◆ Task requirements ◆
Using the line that contains "Bay Kemal bir" as the first line and the last line of the data as the final one, give every line in that range again exactly.

(Short web captions)

——————————

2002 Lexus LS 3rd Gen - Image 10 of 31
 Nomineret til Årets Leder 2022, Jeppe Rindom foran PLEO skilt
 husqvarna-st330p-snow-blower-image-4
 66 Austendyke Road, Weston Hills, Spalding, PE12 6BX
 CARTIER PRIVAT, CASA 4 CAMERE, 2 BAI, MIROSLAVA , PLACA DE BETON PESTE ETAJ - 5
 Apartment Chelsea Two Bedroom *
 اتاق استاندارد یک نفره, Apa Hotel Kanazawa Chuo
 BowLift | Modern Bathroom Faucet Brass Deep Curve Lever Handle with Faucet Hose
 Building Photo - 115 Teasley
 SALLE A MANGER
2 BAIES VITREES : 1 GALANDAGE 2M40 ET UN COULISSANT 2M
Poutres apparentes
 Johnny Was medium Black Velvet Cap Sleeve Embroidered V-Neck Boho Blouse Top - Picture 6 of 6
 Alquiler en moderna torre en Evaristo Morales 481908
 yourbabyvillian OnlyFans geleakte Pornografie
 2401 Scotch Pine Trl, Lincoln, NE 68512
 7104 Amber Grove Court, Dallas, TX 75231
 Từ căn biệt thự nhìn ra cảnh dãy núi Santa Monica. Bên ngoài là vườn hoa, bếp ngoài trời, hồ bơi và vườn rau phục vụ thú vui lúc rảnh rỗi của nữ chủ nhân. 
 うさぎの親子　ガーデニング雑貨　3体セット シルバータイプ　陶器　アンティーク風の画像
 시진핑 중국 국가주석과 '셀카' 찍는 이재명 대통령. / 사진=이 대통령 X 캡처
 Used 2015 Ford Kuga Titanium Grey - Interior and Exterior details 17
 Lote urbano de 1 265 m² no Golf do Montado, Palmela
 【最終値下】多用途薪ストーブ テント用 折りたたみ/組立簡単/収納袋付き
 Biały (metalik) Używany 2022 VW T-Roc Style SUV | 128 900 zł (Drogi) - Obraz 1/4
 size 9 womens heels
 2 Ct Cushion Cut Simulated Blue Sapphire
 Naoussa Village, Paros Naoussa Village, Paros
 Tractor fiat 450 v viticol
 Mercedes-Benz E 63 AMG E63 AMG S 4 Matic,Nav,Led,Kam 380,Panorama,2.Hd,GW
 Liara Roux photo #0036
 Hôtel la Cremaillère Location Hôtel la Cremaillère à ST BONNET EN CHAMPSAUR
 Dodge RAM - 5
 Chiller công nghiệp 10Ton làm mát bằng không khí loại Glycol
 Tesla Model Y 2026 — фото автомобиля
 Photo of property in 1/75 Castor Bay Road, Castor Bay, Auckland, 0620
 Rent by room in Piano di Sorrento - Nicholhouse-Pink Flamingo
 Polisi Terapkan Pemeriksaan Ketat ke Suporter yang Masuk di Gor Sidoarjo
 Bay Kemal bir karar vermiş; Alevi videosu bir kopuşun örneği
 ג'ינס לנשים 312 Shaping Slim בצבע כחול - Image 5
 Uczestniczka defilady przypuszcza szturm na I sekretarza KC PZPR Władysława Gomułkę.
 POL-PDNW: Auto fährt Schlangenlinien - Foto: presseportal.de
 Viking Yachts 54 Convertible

——————————

◆ Exercise solution ◆
 Bay Kemal bir karar vermiş; Alevi videosu bir kopuşun örneği
 ג'ינס לנשים 312 Shaping Slim בצבע כחול - Image 5
 Uczestniczka defilady przypuszcza szturm na I sekretarza KC PZPR Władysława Gomułkę.
 POL-PDNW: Auto fährt Schlangenlinien - Foto: presseportal.de
 Viking Yachts 54 Convertible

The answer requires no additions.